The mild recession in '80/'81 followed another 20% tax drop. The mild recession in '90/'91 followed another 20% tax drop. We're also looking at the most abusive deregulation in our history from 1980 to 1988 (thanks Raygun). Our current situation follows another 8 year session of tax breaks and deregulation. That's three recessions in three decades despite some of the largest booms in our history. All of which followed periods of tax breaks and deregulation.

If you look at the overall picture something very interesting develops. Not only do tax breaks and deregulation specifically lead to recessions, but the frequency of the 'bad times' is inversely proportional to the overall amount of regulation. When corporations and industry were on a tight leash with only infrequent loophole legislation or allowances we seldom saw a recession. When deregulation became the norm, we plunge every few years.
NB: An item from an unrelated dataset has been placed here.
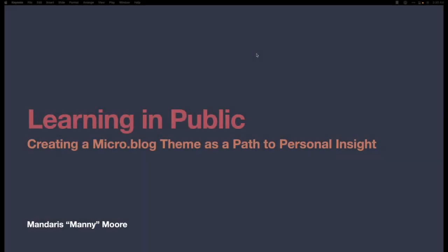Hello and welcome. This is learning in public, creating a micro.blog theme as a path to personal enlightenment. My name is Mandaris, but you can call me Manny.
This also accompanies the periods of highest debt/deficit growth. When we were offsetting war costs with increased taxes, it wasn't a major hit. When we tied war costs to tax breaks, everything went to hell. When we tied tax hikes to government spending on economy stabilization, everything recovered nicely. When the government spends without tax hikes, everything stays in the crapper.

Finally, getting back to my own outlook, the purchasing power of the lower to middle class individual declines directly in proportion to the level of regulation. The less regulation on corporation/industry, the lower the upper tax rate, the less necessities can be afforded by these people that make up 75% of our nation. Compare housing prices, food prices, gas prices, health care costs, etc against the backdrop graphs on deregulation and upper tax rate. They're perfectly inverted. Mind you, luxury/entertainment is not included because it actually operates on the opposite trends for the most part.
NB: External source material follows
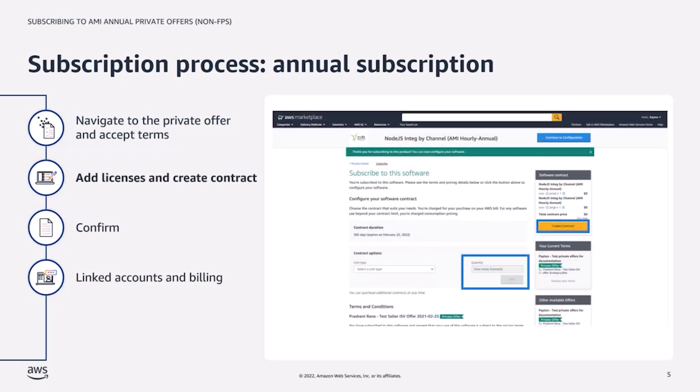Next, they'll enter the number of instances they want to purchase annually in the 'How Many Licenses' section and select the applicable instance type. If the customer is purchasing more than one instance type, they'll need to enter the applicable quantity for the additional instance type in the 'How Many Licenses' section and select the applicable instance type. From there, the customer will review pricing and select Create Contract.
America is strong and stable when we have a progressive tax rate with few breaks/loopholes, combined with strict regulation on corporations and industry. America goes to crap whenever we give those sectors a break, or stop watching them like hawks.
 

BladeVenom

Lifer
Jun 2, 2005
13,365
16
0
Credible economists say government spending is important for keeping the economy going in bad times, despite the debt. But it has political costs among a not that well informed public.
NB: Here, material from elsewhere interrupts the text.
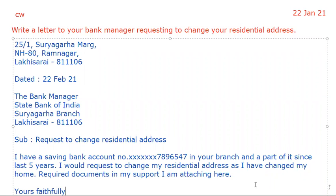I am reading this letter for you again. First of all, the question is: write a letter to your bank manager requesting to change your residential address. So, first you will write your own address — 25 by 1, Surya Garha — but you can write your own address also.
That wasn't what you where saying when Bush was deficit spending.
 

Darwin333

Lifer
Dec 11, 2006
19,946
2,329
126
Credible economists say government spending is important for keeping the economy going in bad times, despite the debt. But it has political costs among a not that well informed public.

Sounds like a pretty good way to play the game. Take care of the country and keep higher political support.

I'm very concerned about the deficit - but I've been saying that a long time and supported policies that would have helped with it when we could. A temporary spending period is needed for the good of the economy, which is the basis for the prosperity needed to get the money so we can do better things and end the deficit when the economy is better.

FDR made the mistake of saying 'the economy is recovered, time to end the big goverment stimulus and brought about the 1937 recession.

Some on the right ilike to say things really turned around from WWII. Economically, what was WWII but the nation's largest every government project, borrowing enormously eo employ people in wasteful acitivities, out using weapons and building war items to get lost? Argue for the private sector to do this activity instead - but not when you support policies for increased concentration of wealth that hurts the economy, feeding corrupt industries dominating the economy such as the finance industry taking 41% or all profit from parasitical practices, the healthcare insurance companies almost doubling healthcare cost.

Spending on what? What about the remainder of the stimulus bill that hasn't been spent? How long will we have to add trillions to the debt and do you think that the worlds economy can support our spending?

On a side note, I have always been curious of your spending position considering your other positions such as "universal fairness". Is it really fair that the US borrows so much of the available global money for itself leaving much less for less fortunate countries and their issues? Don't the progressives use the same argument with oil/energy?